◆ **SUPPLIED RECORDS**:

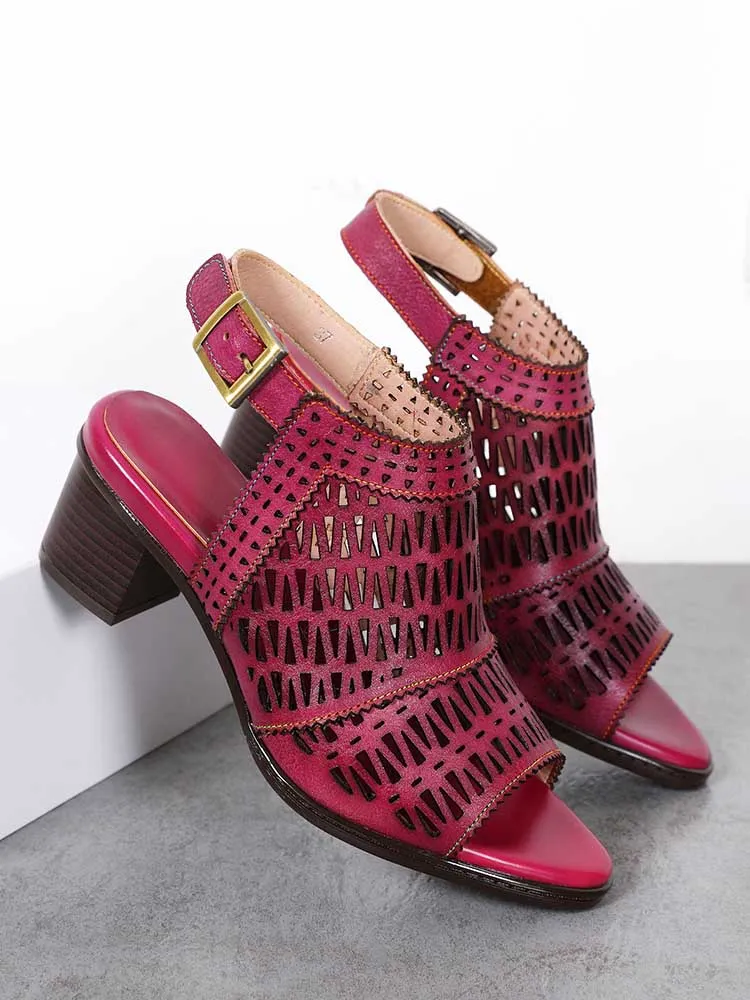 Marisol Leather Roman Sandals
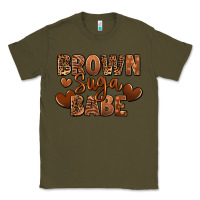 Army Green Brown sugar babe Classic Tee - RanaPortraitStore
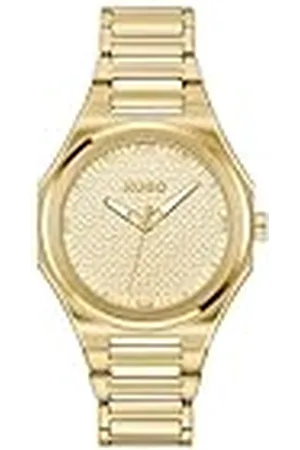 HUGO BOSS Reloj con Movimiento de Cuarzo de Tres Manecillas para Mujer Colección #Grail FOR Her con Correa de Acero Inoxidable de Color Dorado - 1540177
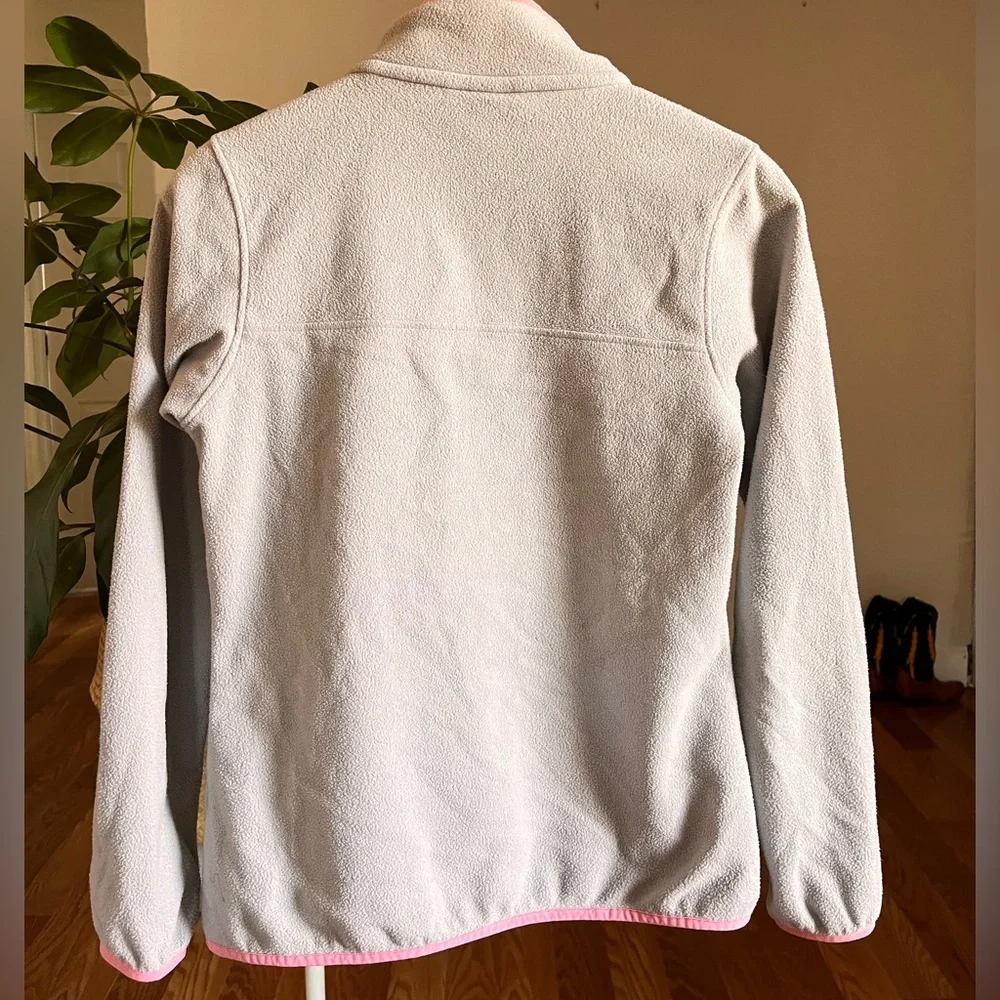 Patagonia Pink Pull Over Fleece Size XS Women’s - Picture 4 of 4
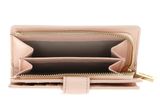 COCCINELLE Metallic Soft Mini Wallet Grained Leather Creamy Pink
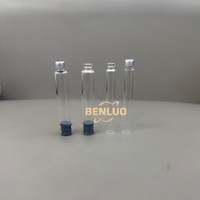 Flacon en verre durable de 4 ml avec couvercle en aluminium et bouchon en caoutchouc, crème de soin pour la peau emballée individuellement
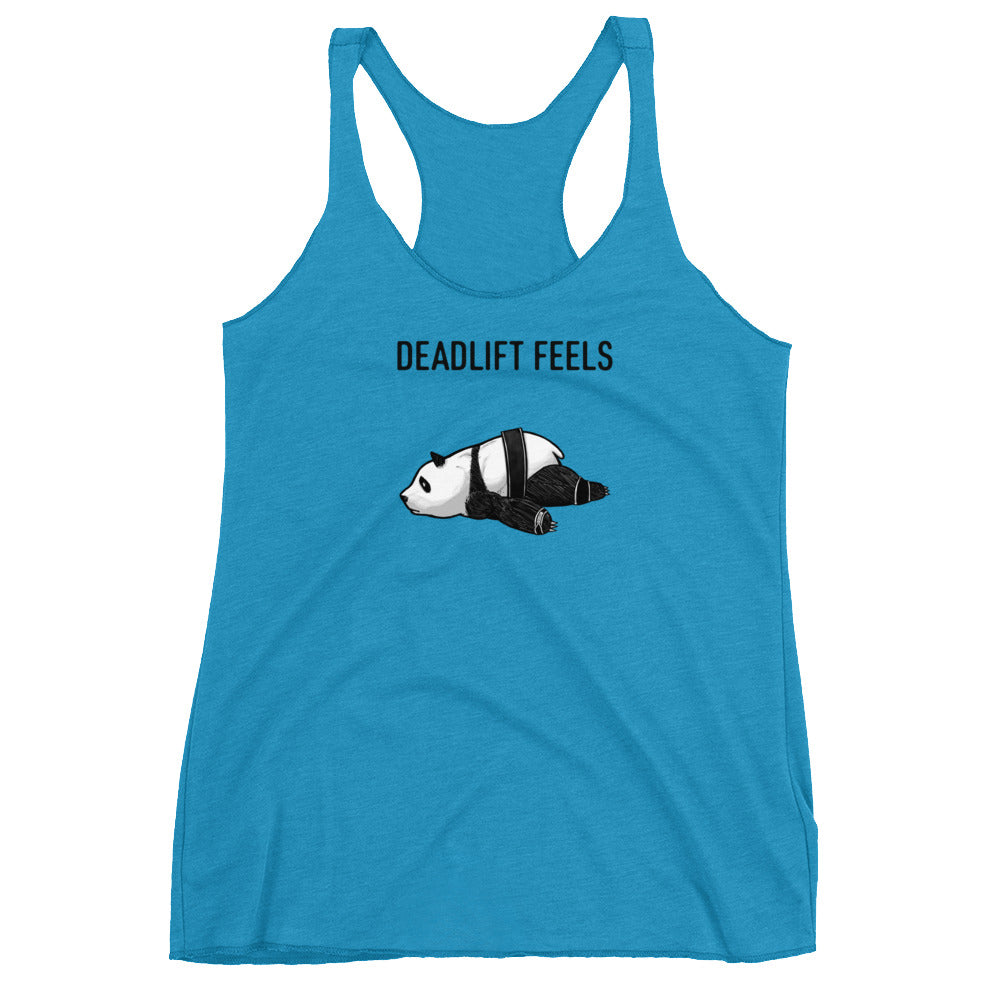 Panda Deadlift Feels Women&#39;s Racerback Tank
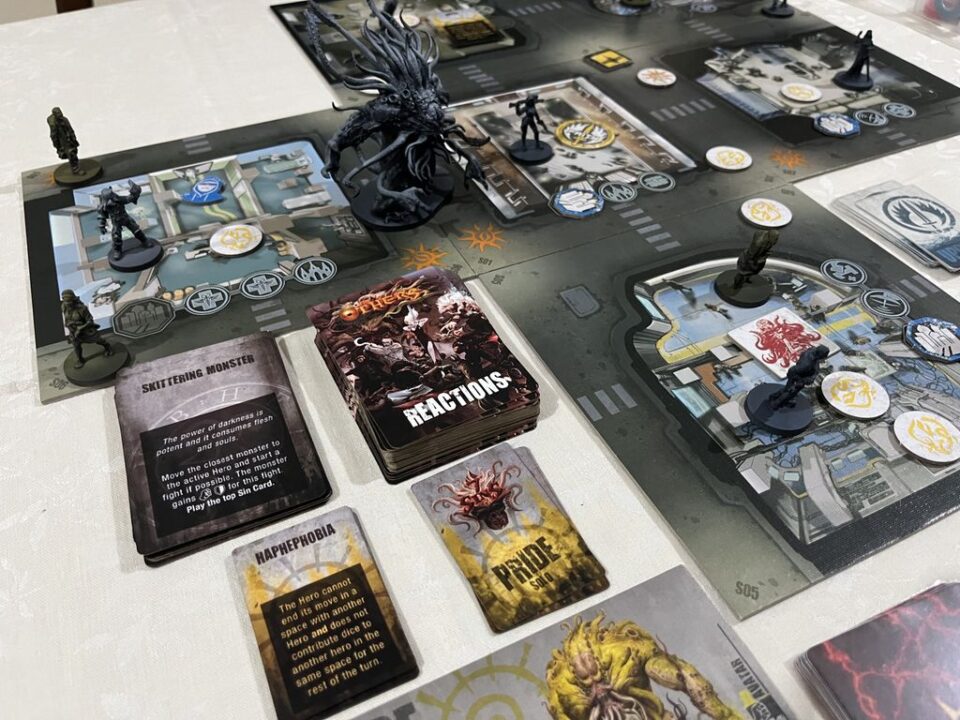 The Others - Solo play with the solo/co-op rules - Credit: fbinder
...
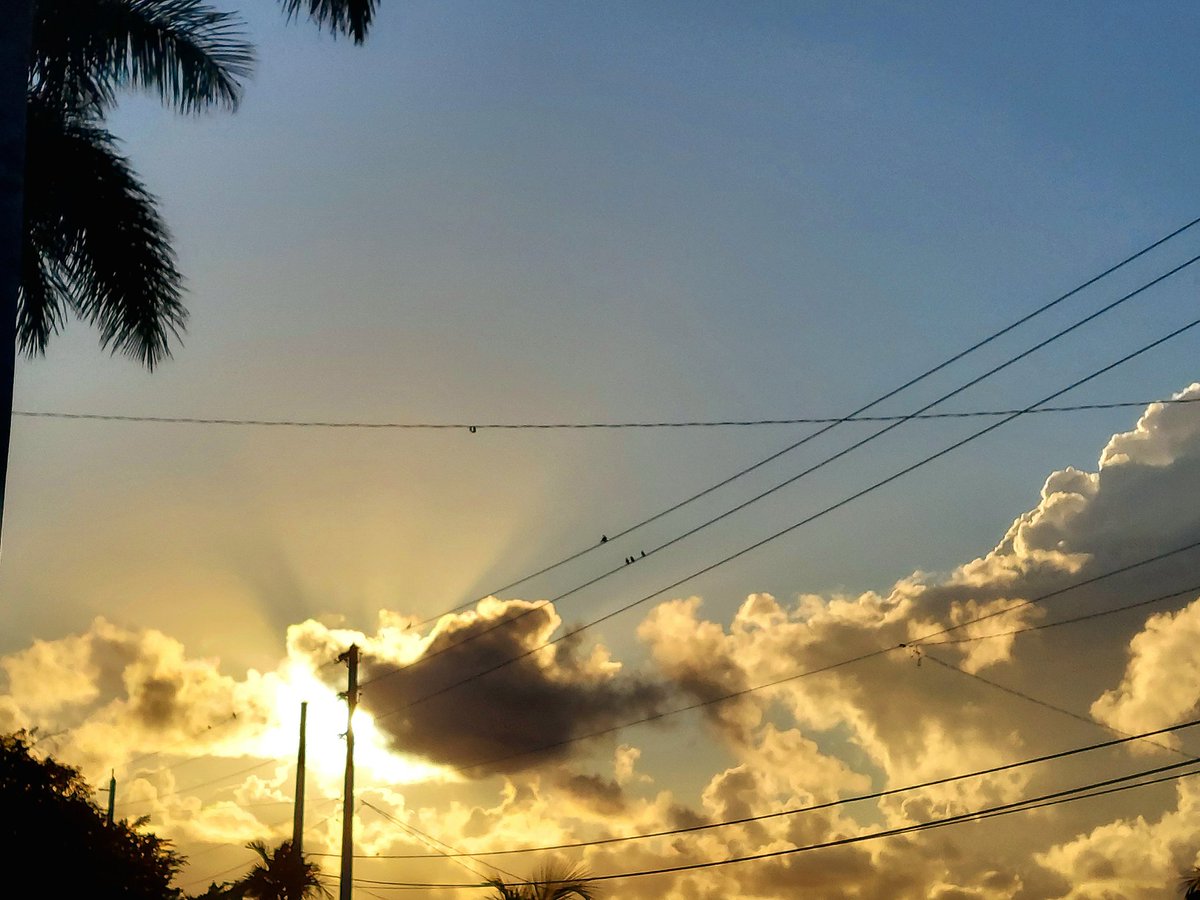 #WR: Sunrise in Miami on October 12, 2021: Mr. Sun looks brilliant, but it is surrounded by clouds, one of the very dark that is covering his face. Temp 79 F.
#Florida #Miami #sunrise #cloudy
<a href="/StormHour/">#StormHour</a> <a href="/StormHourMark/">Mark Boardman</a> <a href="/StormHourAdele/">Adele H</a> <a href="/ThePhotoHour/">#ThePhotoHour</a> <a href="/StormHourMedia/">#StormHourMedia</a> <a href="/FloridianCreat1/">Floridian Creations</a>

◆ **ASSIGNMENT**:
From the line containing "HUGO BOSS Reloj" through the line containing "The Others - Solo", copy every line above exactly, without pictures.

◆ **ANSWER BELOW**:
 HUGO BOSS Reloj con Movimiento de Cuarzo de Tres Manecillas para Mujer Colección #Grail FOR Her con Correa de Acero Inoxidable de Color Dorado - 1540177
 Patagonia Pink Pull Over Fleece Size XS Women’s - Picture 4 of 4
 COCCINELLE Metallic Soft Mini Wallet Grained Leather Creamy Pink
 Flacon en verre durable de 4 ml avec couvercle en aluminium et bouchon en caoutchouc, crème de soin pour la peau emballée individuellement
 Panda Deadlift Feels Women&#39;s Racerback Tank
 The Others - Solo play with the solo/co-op rules - Credit: fbinder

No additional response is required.